И вот в большом университетском зале я вдруг подумал с радостью, что все же в мире с течением веков все меньше становится Горацио и все больше Гамлетов. Наверное, Андерсен потому и смеялся на кафедре за спиной почтенного астрофизика, что тоже чувствовал: нет, не ограниченная мудрость Горацио определяет умонастроение этой аудитории!

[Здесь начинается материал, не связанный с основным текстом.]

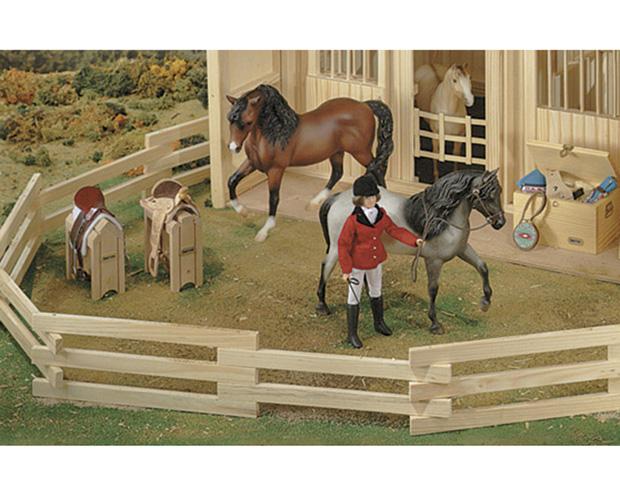 Breyer Horses - Natural Wood Corral - Traditional Size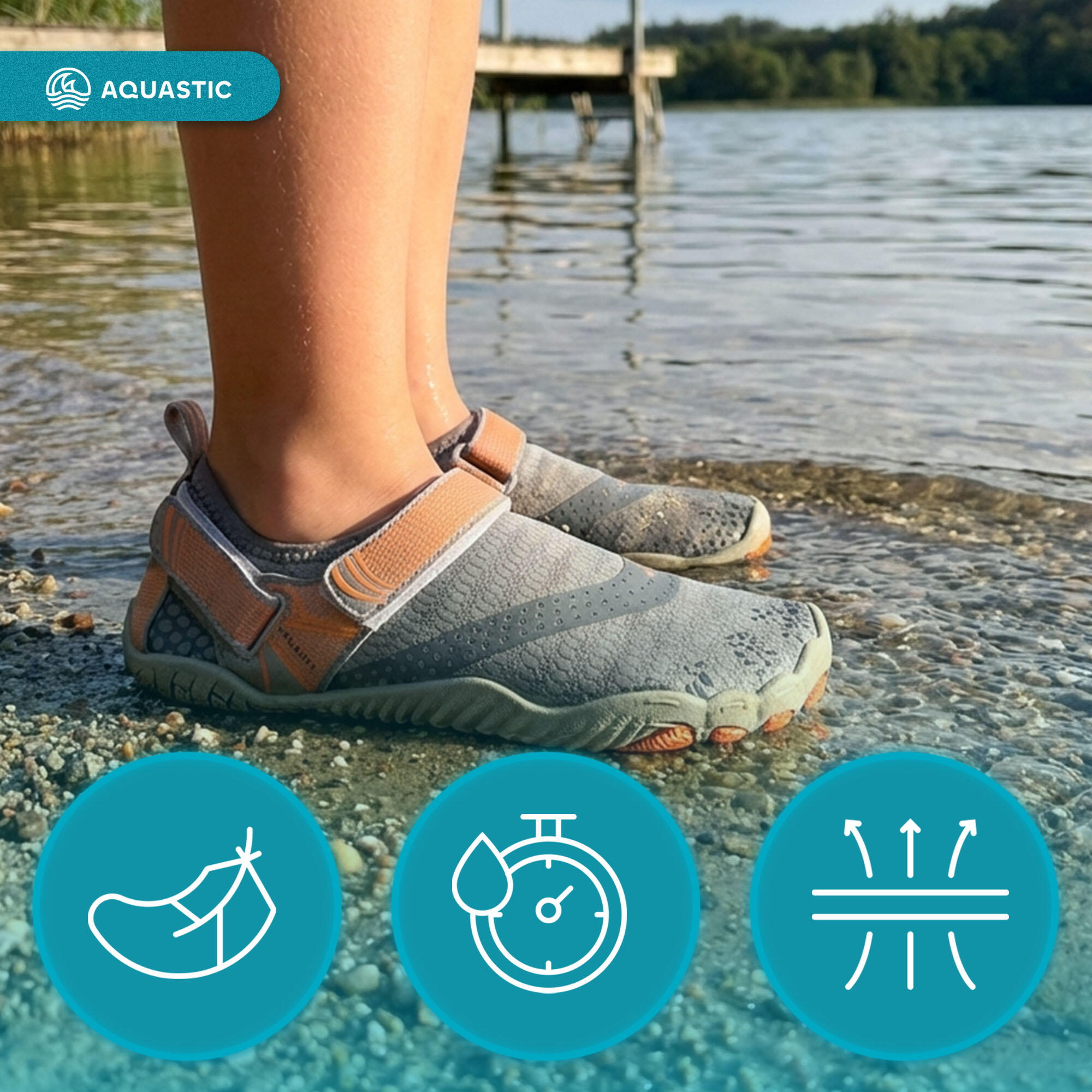 AQUASTIC Aqua kinderwaterschoenen 6/7
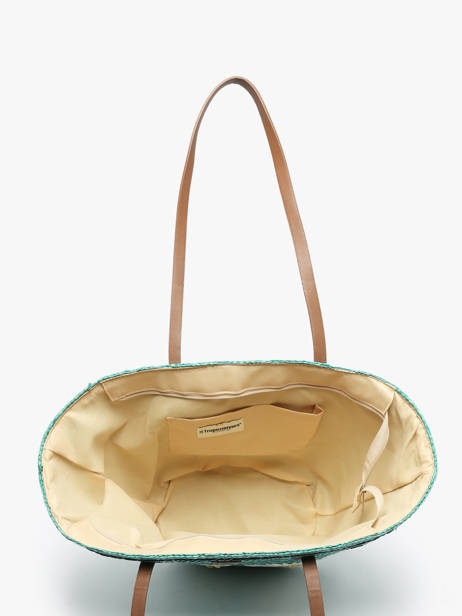Shoulder Bag Koa Les tropeziennes Green koa TZ01 other view 3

Собственно, я уже начал отвечать на вопрос, который только сейчас собирался поставить: чем объяснить, что к Андерсену, который не был ни ученым, ни философом, охотно обращаются сегодня физики, математики, кибернетики в поисках средств образного раскрытия «безумных идей» нашего столетия? (Я быстро убедился, что астрофизик, изложивший содержание «Русалочки» для подтверждения и иллюстрации ряда серьезных мыслей о возможных формах жизни на иных обитаемых планетах, руководствовался не только личными симпатиями к датскому писателю, но и соображениями более существенными, общими для многих ученых. В трудных и увлекательных книгах создателей кибернетики — молодой перспективной науки середины нашего века — можно найти заново осмысленные образы, выхваченные из «Огнива» или «Стойкого оловянного солдатика».) В чем же тут дело? Где разгадка острой актуальности Андерсена?

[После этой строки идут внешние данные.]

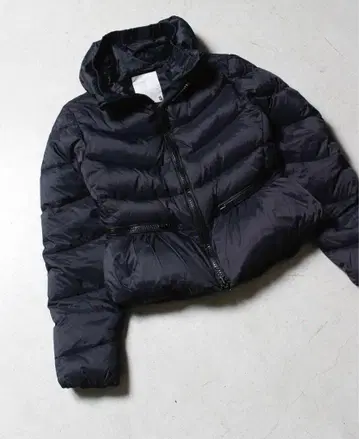 블랙 숏 다운 자켓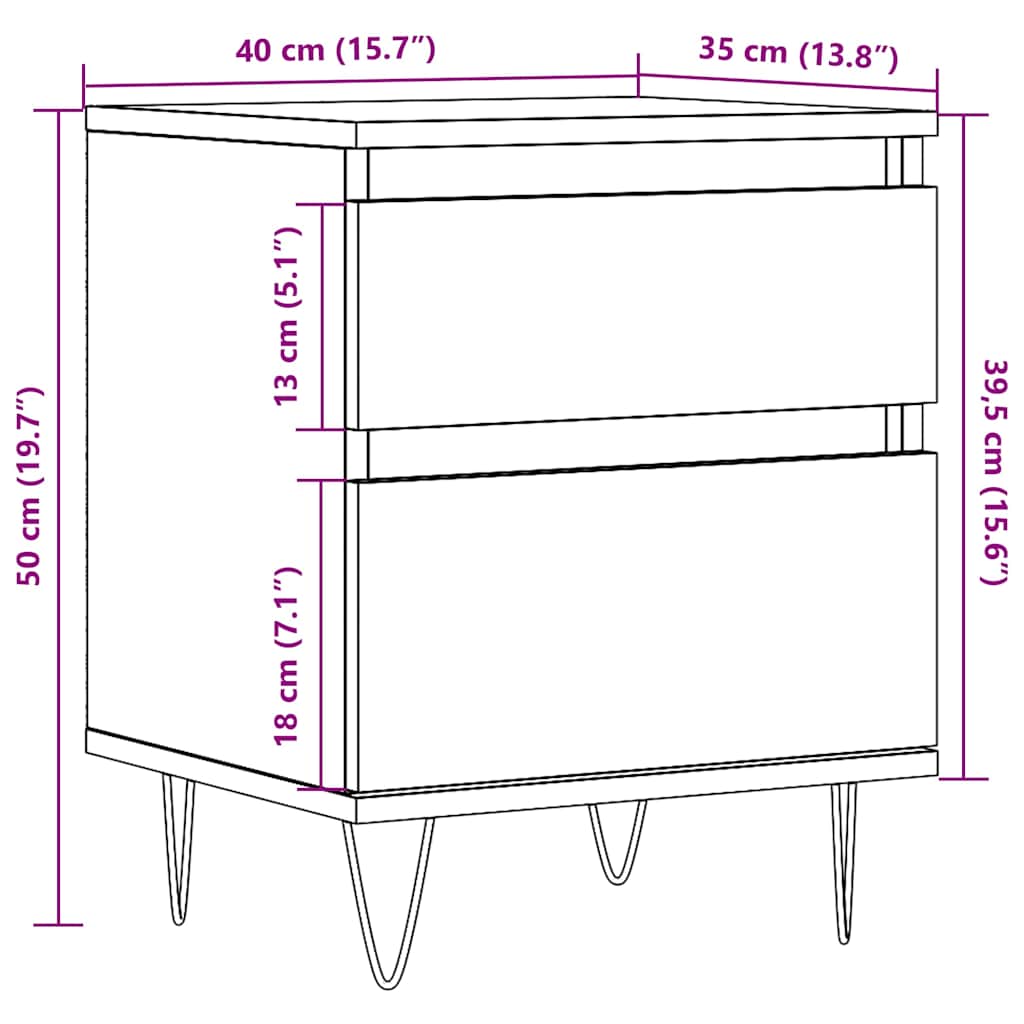 Stalak za akvarij Artisan hrast 121x41x58 cm Inženjersko drvo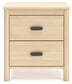 Cabinella Two Drawer Night Stand Signature Design by Ashley®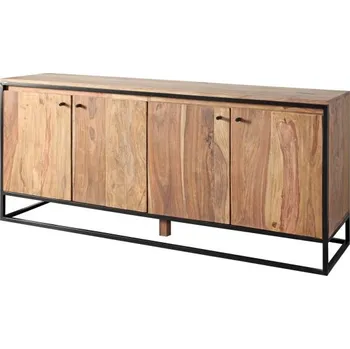 Organizace kuchyně BIZZOTTO dřevěný příborník NARTAN hnědý 175x45 cm 0746949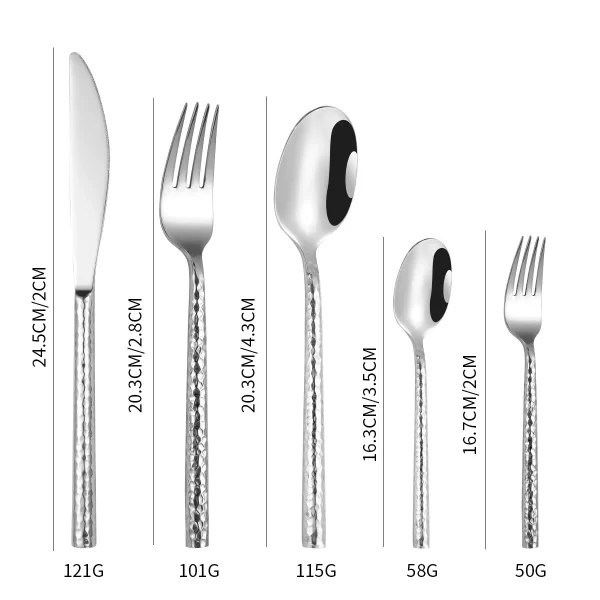 wholesale hammered flatware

На этот вопрос я начал отвечать — раньше, чем его поставил, — когда заговорил о гамлетовском ощущении неисчерпаемой и вечно таинственной сложности бытия. Мироощущение Гамлета характерно в высшей степени и для его земляка — Андерсена. Величайшую из метаморфоз, достойную стать сюжетом волшебной истории, он видел в том, что человек, еще минуту назад воспринимавший мир как что-то будничное, серое, начинает чувствовать его красоту: разнообразие, игру, емкость. До Андерсена были иные волшебные метаморфозы: царевич, околдованный злой силой, оборачивался чудовищем или лягушонок становился очаровательной царевной, сбросившей с себя недобрые чары… Андерсен увидел величайшее волшебство в резком изменении внутреннего состояния человека: от сосредоточенности на чем-то замкнутом — к постижению бескрайнего мира. От Горацио — к Гамлету.
Именно эта метаморфоза и доставляет содержание одной из новелл «Калош счастья». Полицейский писарь, сам того не ведая, по ошибке оказался в оставленных доброй феей калошах, обладающих, как мы помним, замечательной силой: исполнять любое желание того, кто их наденет. И вот этот писарь, личность более чем заурядная, повстречал в парке молодого поэта и, удивленный его жизнерадостностью и беззаботностью, подумал о том, что хорошо бы поближе познакомиться с такими натурами, а может быть, и самому стать поэтом, В тот же миг, сам о том не догадываясь, благодаря чудесной силе калош он начинает видеть жизнь как поэт.